Sa principale œuvre est Al Mouwatta, dont la signification rapprochée pourrait être « le chemin aplani » que l’Imam s’est efforcé de tracer pour tout musulman à la recherche d’un guide pratique, claire et explicite. Récitée en 40 jours à ses élèves, l’œuvre en question a été écrite en 40 ans, après que l’Imam ait compilé et écrit 100.000 hadiths. L’inspiration pour la rédaction d’un tel ouvrage lui est venue du calife de l’époque, qui dit à Malik ; « écris donc un livre qui soit utile à la communauté, évite les facilités d’Ibn Abbas, la rigidité d’Ibn ‘Oumar et la marginalité d’Ibn Mas’oud.

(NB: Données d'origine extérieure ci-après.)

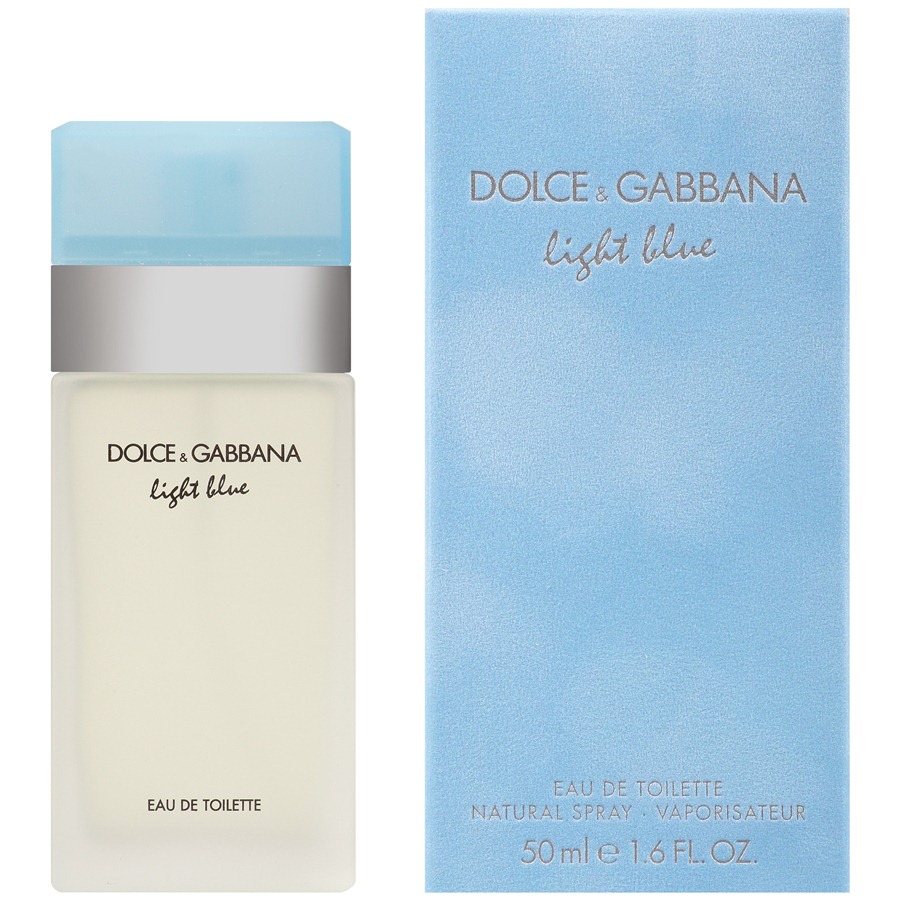 D&G Light Blue Women – SoMa Authentic House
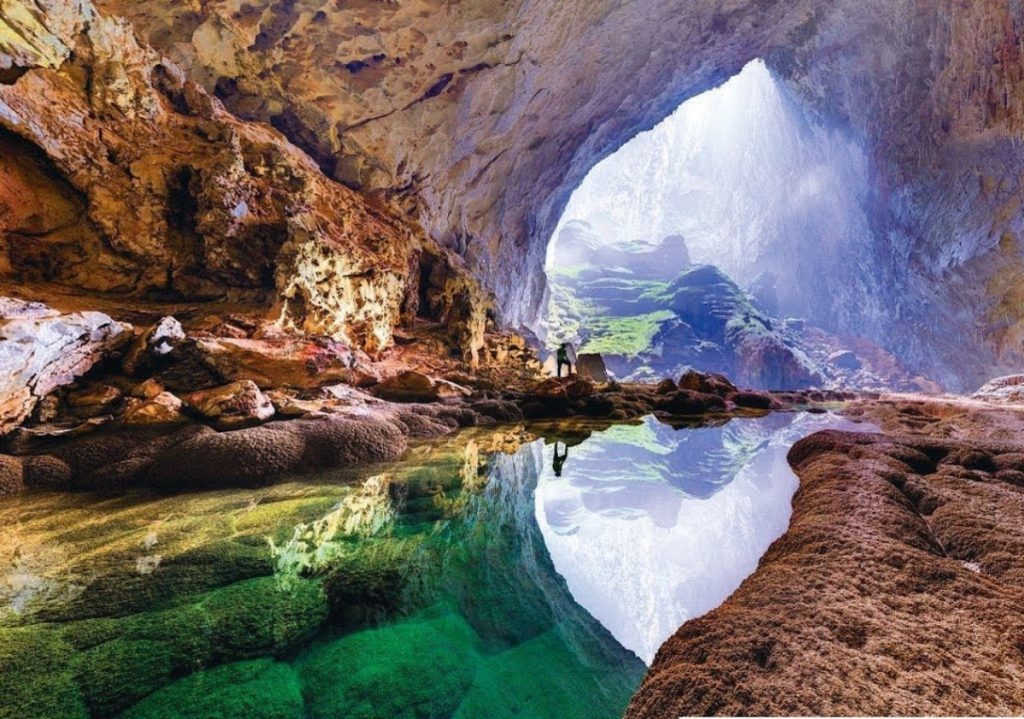 Phong Nha - Kẻ Bàng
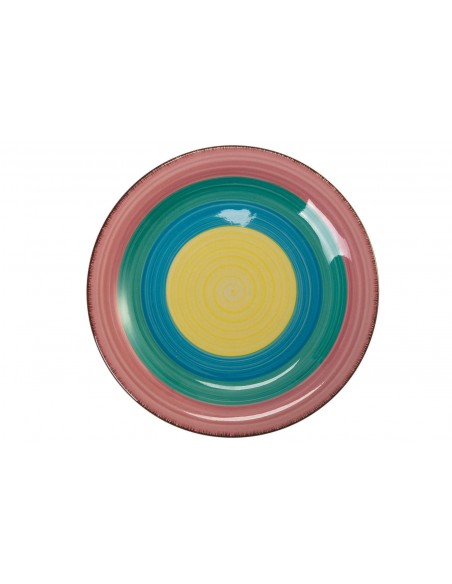 CORFU  SET TAVOLA 18 PZ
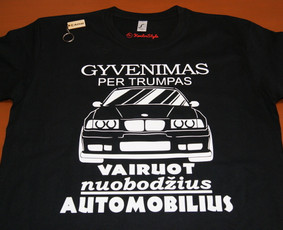 Termo plėvelės spauda ant rūbų / KontriStyle / Darbų pavyzdys ID 1513969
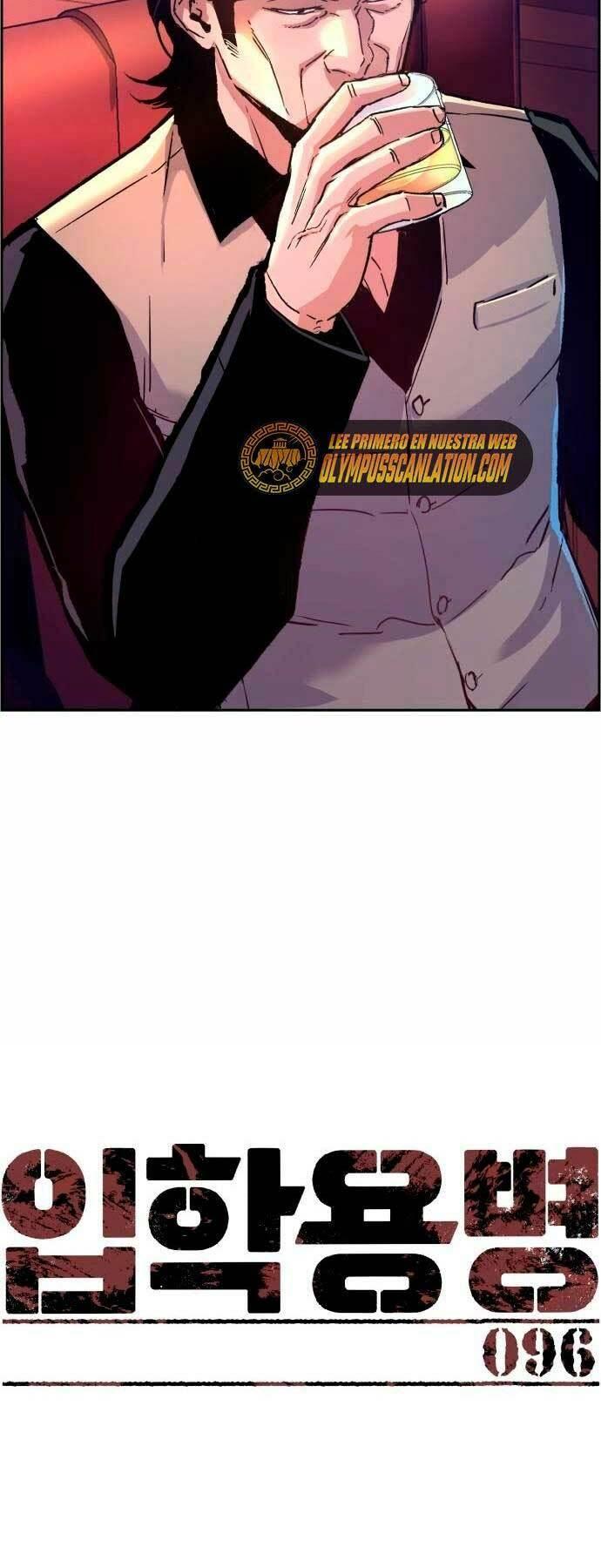 bạn học tôi là lính đánh thuê chapter 96 4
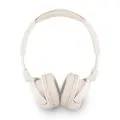 Guess Script Metal Logo Wireless Headphone Beige Foto 2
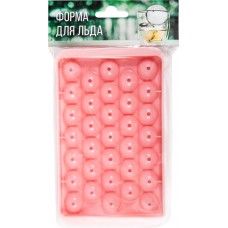 Форма для льда в магазинах Лента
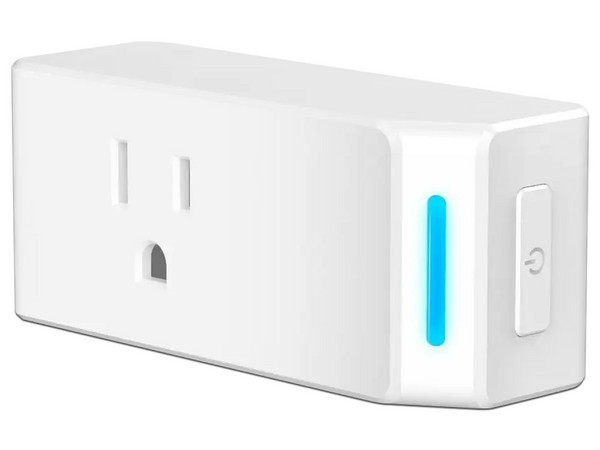 Enchufe Inteligente Hai WS02, 1 Contacto. Color Blanco.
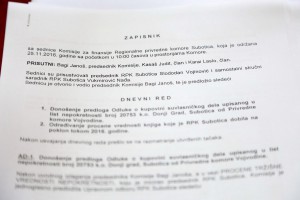 Godišnja skupština Regionalne privredne komore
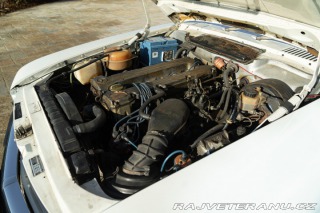 Mercedes-Benz 280 SL 280 MANUALE 1989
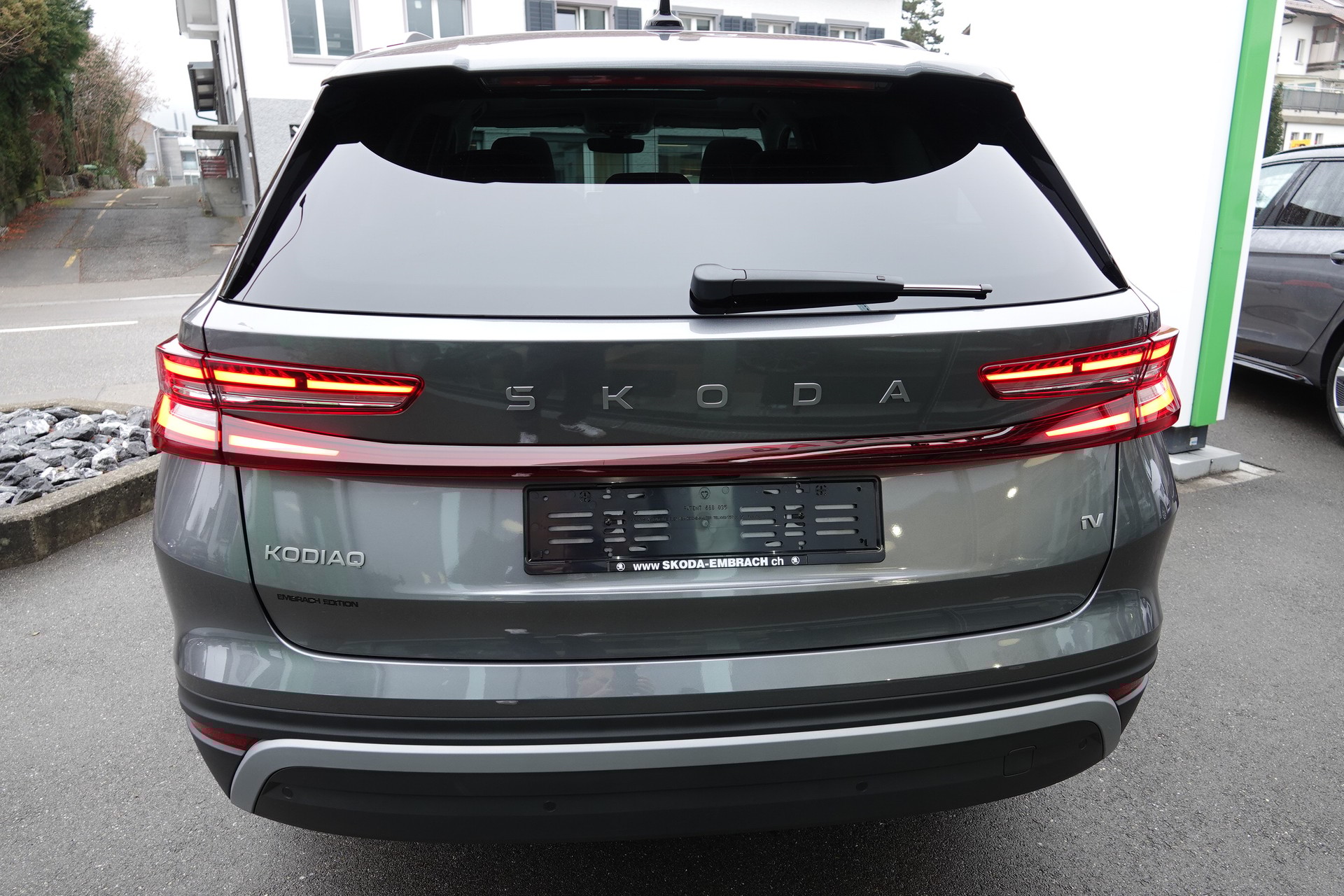 SKODA Kodiaq 1.5 TSI PHEV Dyn - 9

Facilite-le pour les gens ». Malik aurait dit alors ; « Il m’a appris le classement ». L’Imam Ach-Chafi’i disait qu’ « il n’y a sur terre de livre de science (islamique) plus correct que Al Mouwatta de Malik ». Malgré la prédominance de son livre, l’Imam Malik refusa l’appel d’un calife qui lui proposa d’accrocher son œuvre sur la Ka’ba, lui rappelant que « la divergence entre les savants est une miséricorde de Dieu envers cette communauté ».

A l’approche de sa mort, l’Imam Malik pleura abondement par crainte des fatwas qu’il ait été amené à prononcer de son vivant. Après 22 jours de souffrance, il succomba à la maladie en l’an 179 de l’Hégire et retourna à son Créateur… qu’Il lui fasse miséricorde.